Chet Raymo takes on a great many weighty subjects in
his relatively small book, When God is
Gone Everything is Holy: The Making of a Religious Naturalist. The chapters of this book are not entirely
related, but read like separate articles modified somewhat for book form. Still, there is cohesion to the book,
as Raymo works out the difficult program of creating a religious sensibility
while working with the confines of modern science, to create a religious
naturalism.
Although he does an admirable job hacking though these
thickets, in the process he
paints too rosy a picture of both science, and the wonders of nature.
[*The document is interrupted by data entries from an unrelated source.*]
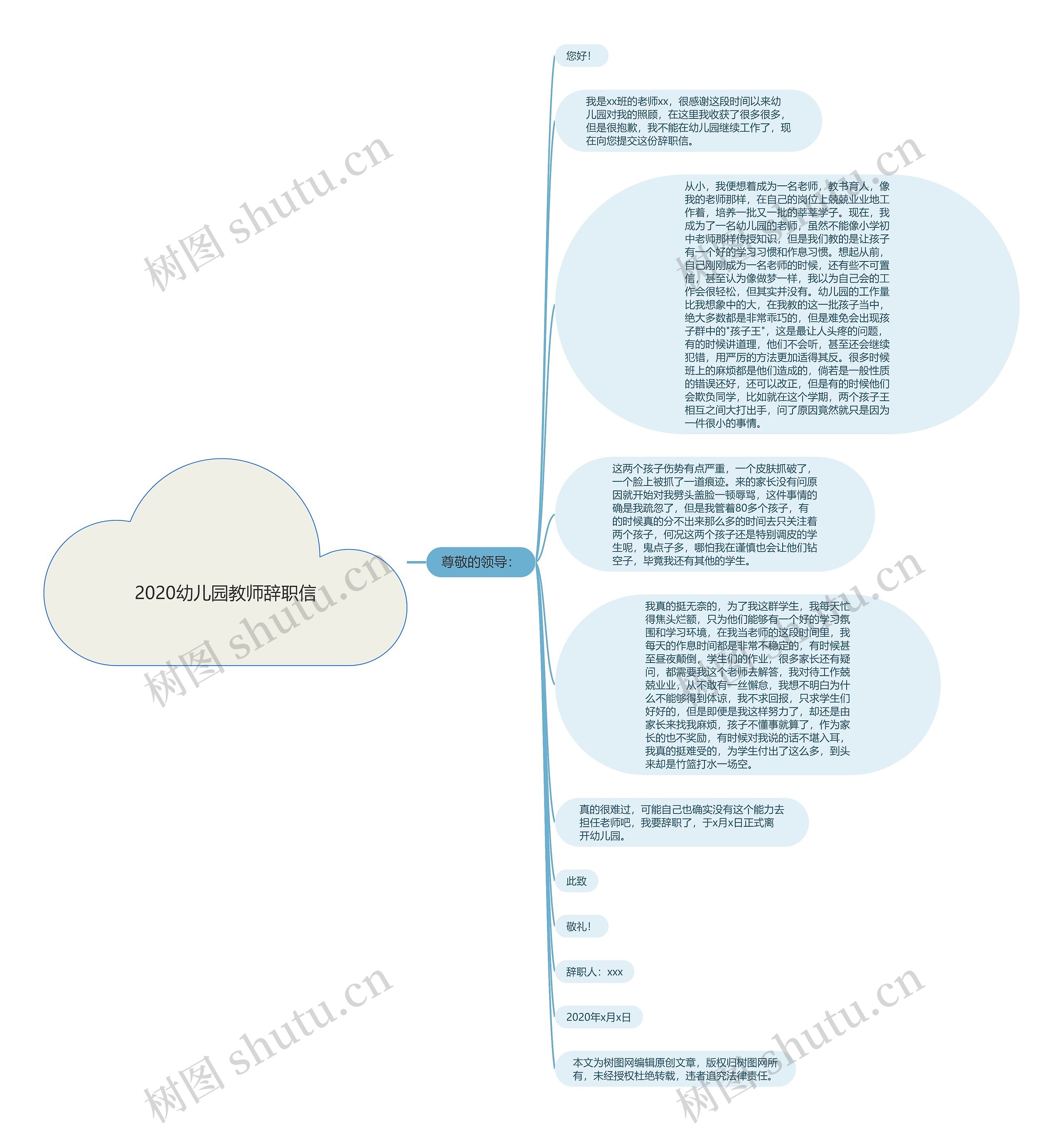 2020幼儿园教师辞职信思维导图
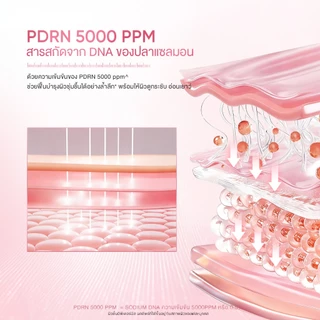 [NEW]SKINTIFIC PDRN BRIGHT & SMOOTH SERUM เซรั่ม PDRN บูสต์ผิวดูอิ่มฟู จุดด่างดำดูจาง อัปผิวดูกระจ่างใส มอบผิวดูนุ่มเด้ง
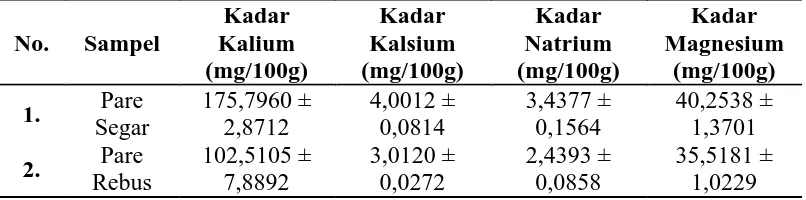 Tabel 4.1 Hasil Analisis Kadar Kalium, Kalsium, Natrium, dan Magnesium dalam Sampel  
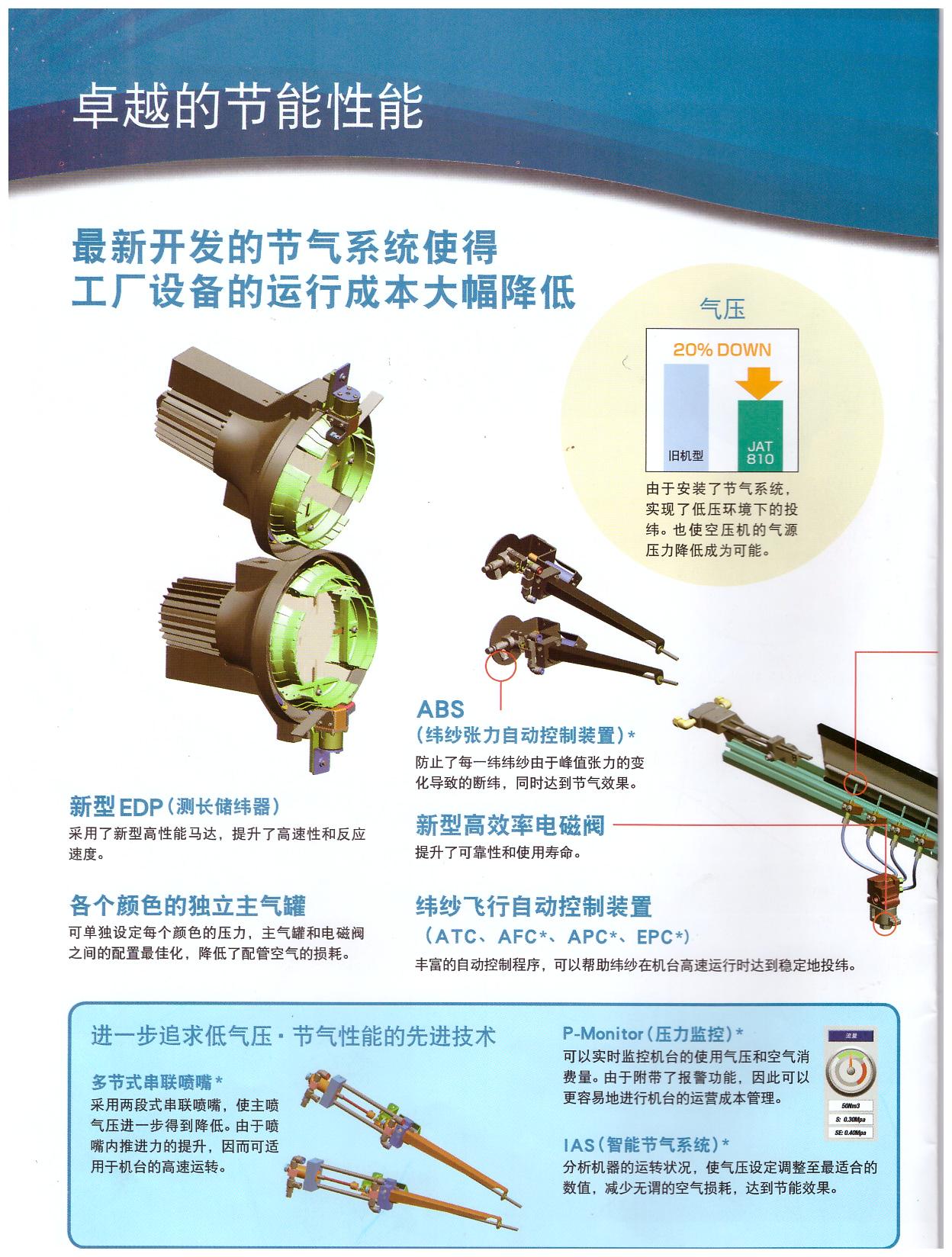 豐田噴氣織機(jī) JAT810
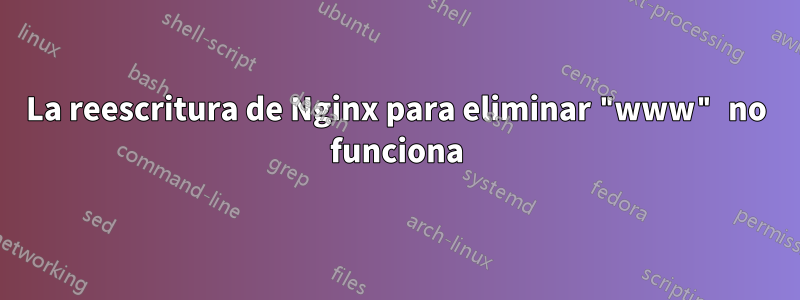 La reescritura de Nginx para eliminar "www" no funciona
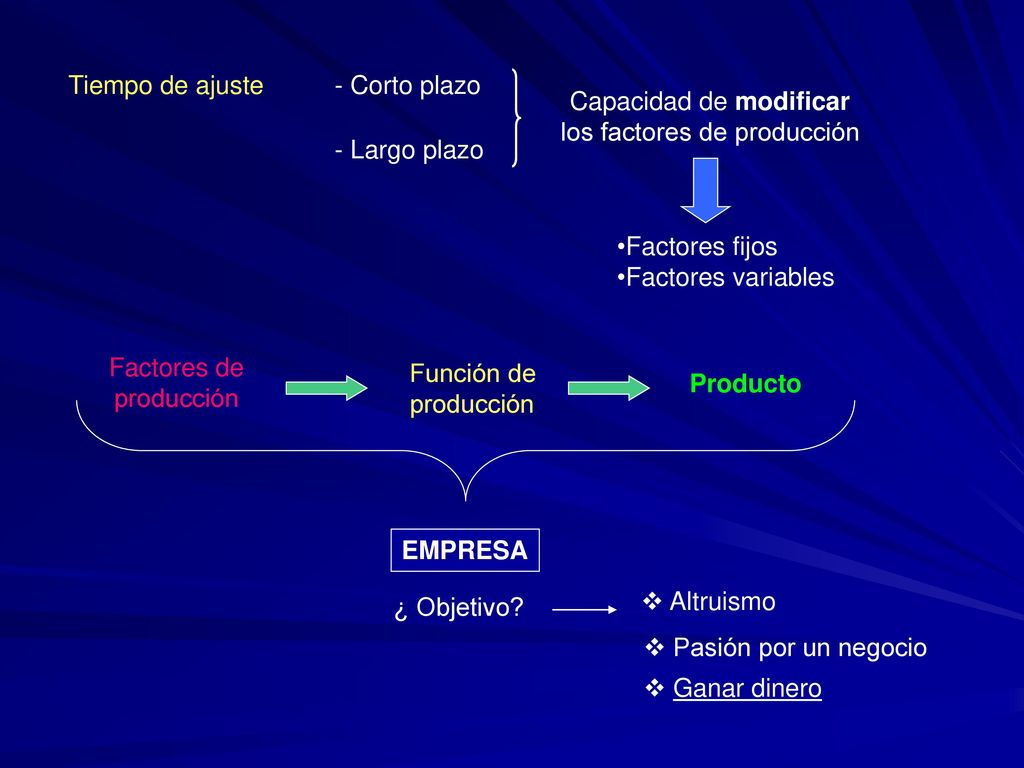 Capacidad de modificar los factores de producción - Largo plazo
Indeed, science has allowed us to have better, longer, healthier lives. But there is always a hidden cost:
overpopulation, pollution, wars over scarce resources, the ravaging of our
planet. With all the benefits we derive from science and technology, there is a
dark side to this enterprise. It is as
if Raymo has never heard of The Battle of Verdun, Hiroshima, the death factory
at Auschwitz.
Raymo wants us to derive our sense of religious wonder
from nature, both its beauty and wondrous complexity. But for anyone who has had a painful,
difficult disease, we know that nature, as exemplified by our bodies, can often
cause us great, shattering distress. Even with
modern medicine, disease will still eat our bodies, and death, in some form,
awaits us all. Nature too, has a dark side.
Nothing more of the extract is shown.